● **Short web captions**
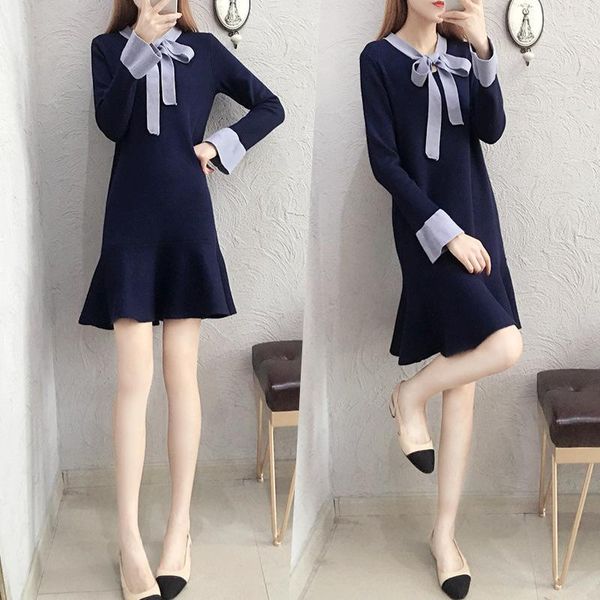 european and american autumn and winter 2020 new fashion temperament dress thin sweater dress long sleeve thick warm slim dresses black, White;black
european and american autumn and winter 2020 new fashion temperament dress thin sweater dress long sleeve thick warm slim dresses black, White;black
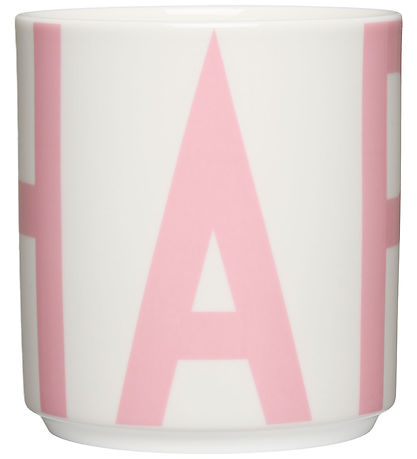 Tasse Design Letters - XL Vintage ABC - Happy - Créole Rose Tasse Design Letters - XL Vintage ABC - Happy - Créole Rose
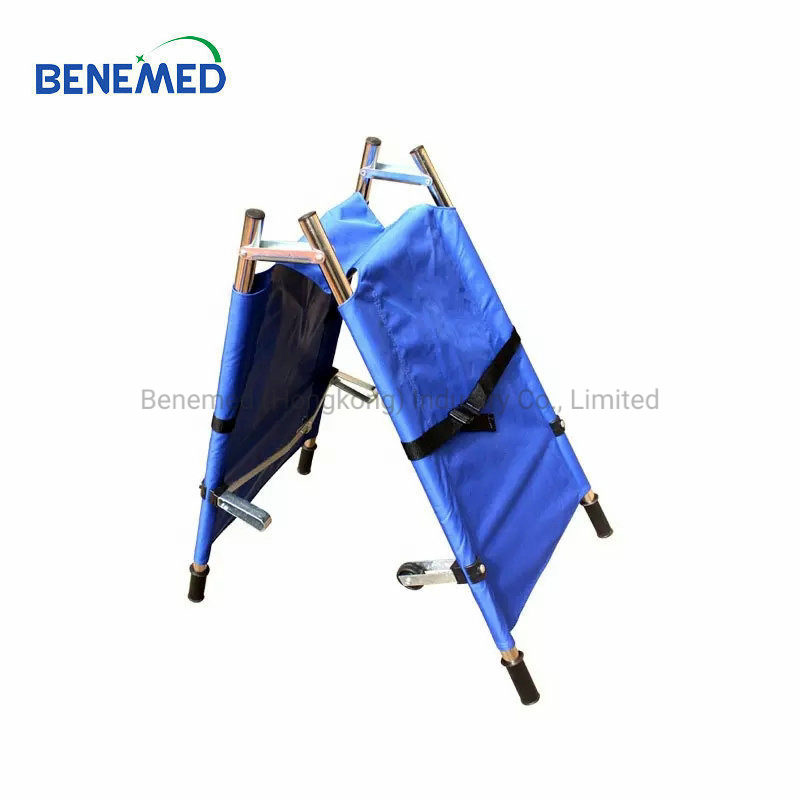 Aluminum Alloy Folding Strecher Hospital Furniture
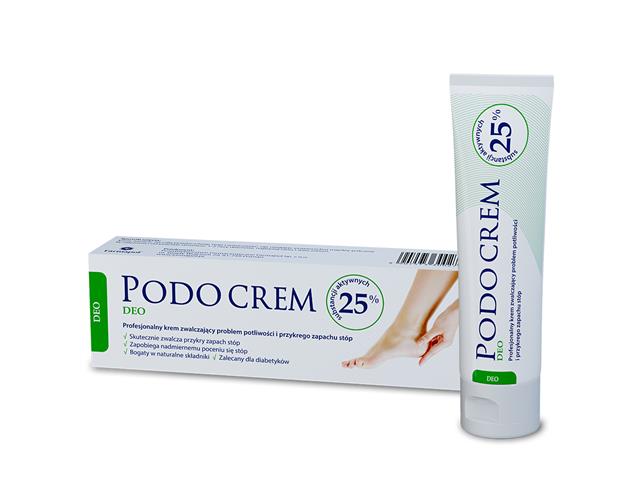 Podocrem Deo Krem do stóp interakcje ulotka krem  30 g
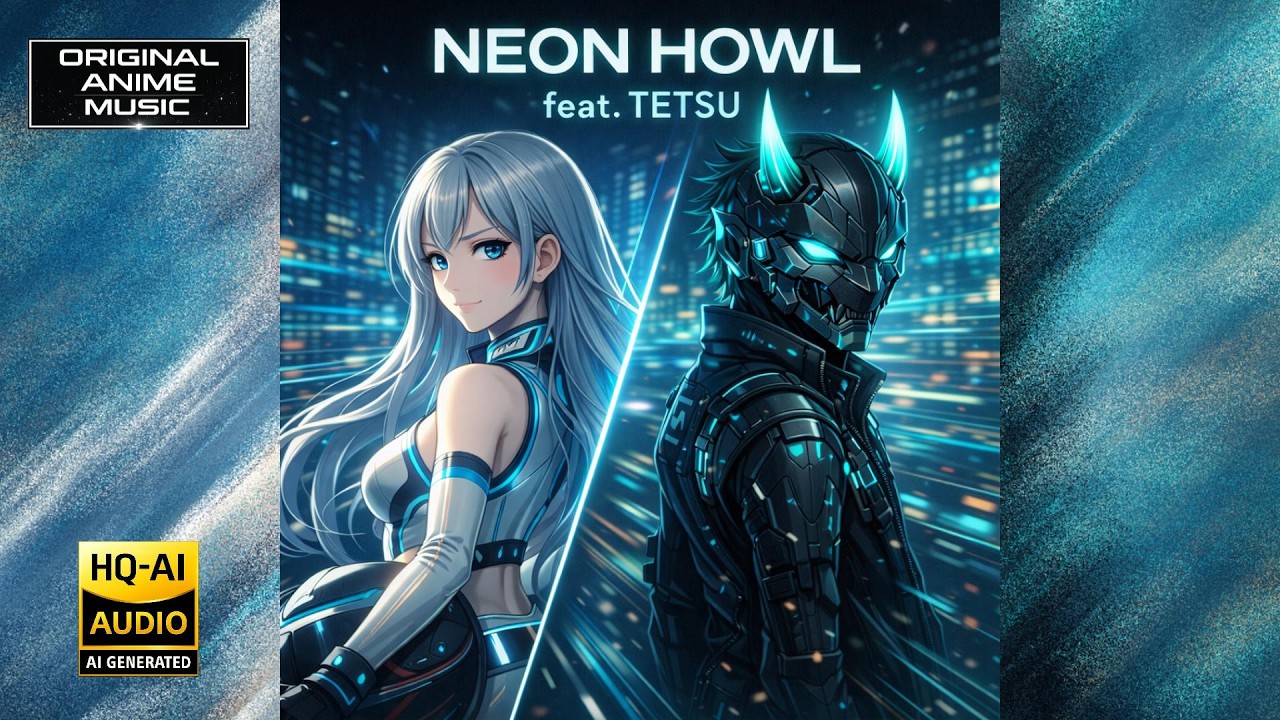 🎵[English] NEON HOWL feat. TETSU [Luna]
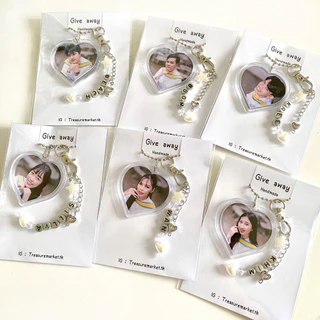 พวงกุญแจใส่ลูกปัดตัวอักษร ของขวัญทุกโอกาส✨ (ส่งรูปแจ้งตัวอักษรทางแชทหลังสั่งซื้อทันที💓)ผลิต2-3วัน📮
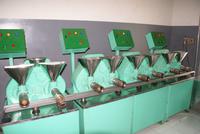 Besichtigung der Kokosfabrik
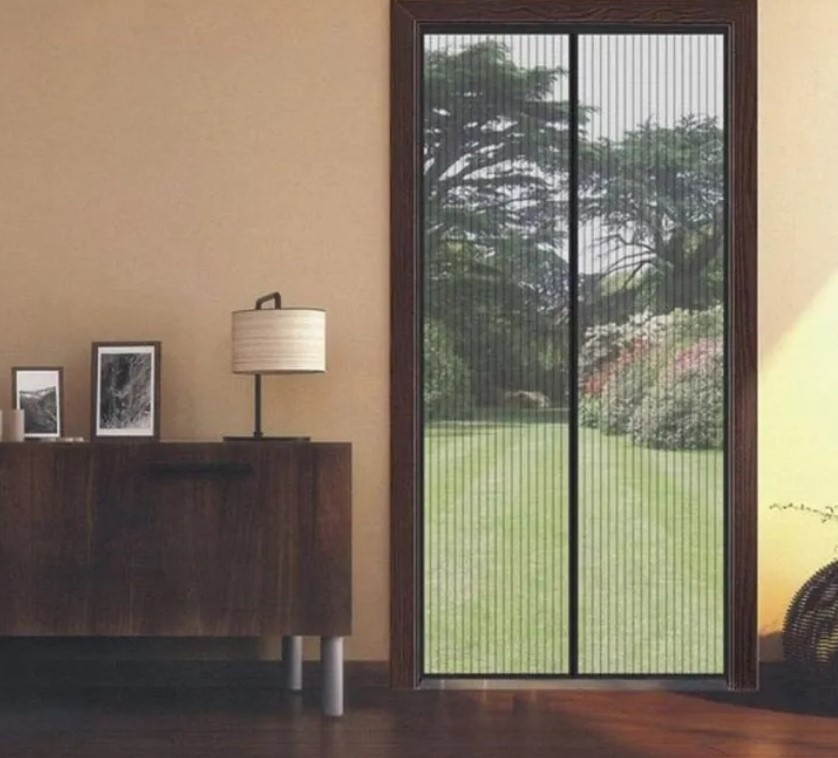 MOSKITIERA SIATKA MAGNETYCZNA NA DRZWI OKNO 210x100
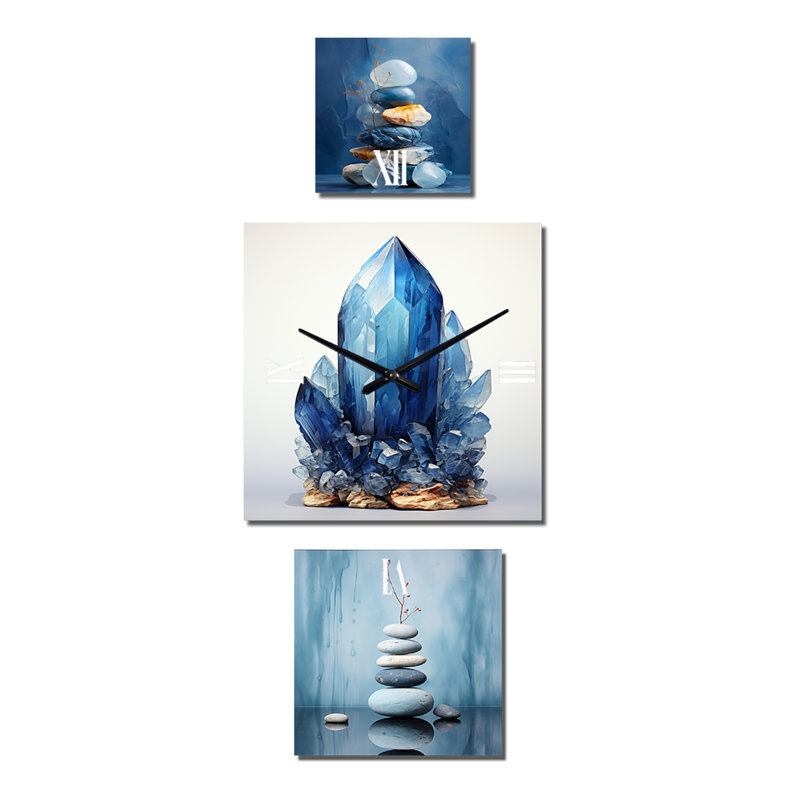 Lytia Metal Wall Clock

● **EXERCISE DESCRIPTION**
Copy the final stretch of lines, starting at the one that holds "Créole Rose Tasse" and ending at the last line of the data, exactly; omit pictures.

● **ANSWER TO THIS TASK**
 Tasse Design Letters - XL Vintage ABC - Happy - Créole Rose Tasse Design Letters - XL Vintage ABC - Happy - Créole Rose
 Aluminum Alloy Folding Strecher Hospital Furniture
 Podocrem Deo Krem do stóp interakcje ulotka krem  30 g
 🎵[English] NEON HOWL feat. TETSU [Luna]
 พวงกุญแจใส่ลูกปัดตัวอักษร ของขวัญทุกโอกาส✨ (ส่งรูปแจ้งตัวอักษรทางแชทหลังสั่งซื้อทันที💓)ผลิต2-3วัน📮
 Besichtigung der Kokosfabrik
 MOSKITIERA SIATKA MAGNETYCZNA NA DRZWI OKNO 210x100
 Lytia Metal Wall Clock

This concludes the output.